Witt equivalence of function fields of curves over local fields

TL;DR

This paper investigates Witt equivalence of function fields of curves over local fields, extending previous global field results to the local case, and explores implications for the underlying local fields.

Contribution

It extends the theory of Witt equivalence to function fields over local fields and establishes conditions linking the equivalence of these fields to their base local fields.

Findings

Witt equivalence of function fields over local fields implies equivalence of the base local fields under certain conditions.

The paper generalizes previous global field results to local fields.
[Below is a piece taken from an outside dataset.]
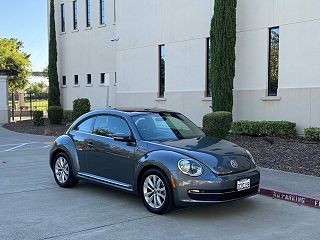 2013 Volkswagen Beetle  VIN: 3VWJL7AT9DM685595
It provides new insights into the structure of quadratic forms over function fields.

Abstract

Two fields are Witt equivalent if their Witt rings of symmetric bilinear forms are isomorphic. Witt equivalent fields can be understood to be fields having the same quadratic form theory. The behavior of finite fields, local fields, global fields, as well as function fields of curves defined over archimedean local fields under Witt equivalence is well-understood. Numbers of classes of Witt equivalent fields with finite numbers of square classes are also known in some cases. Witt equivalence of general function fields over global fields was studied in the earlier work [13] by the authors, and applied to study Witt equivalence of function fields of curves over global fields. In this paper we extend these results to local case, i.e. we discuss Witt equivalence of function fields of curves over local fields. As an application, we show that, modulo some additional assumptions, Witt equivalence of two such function fields implies Witt equivalence of underlying local fields.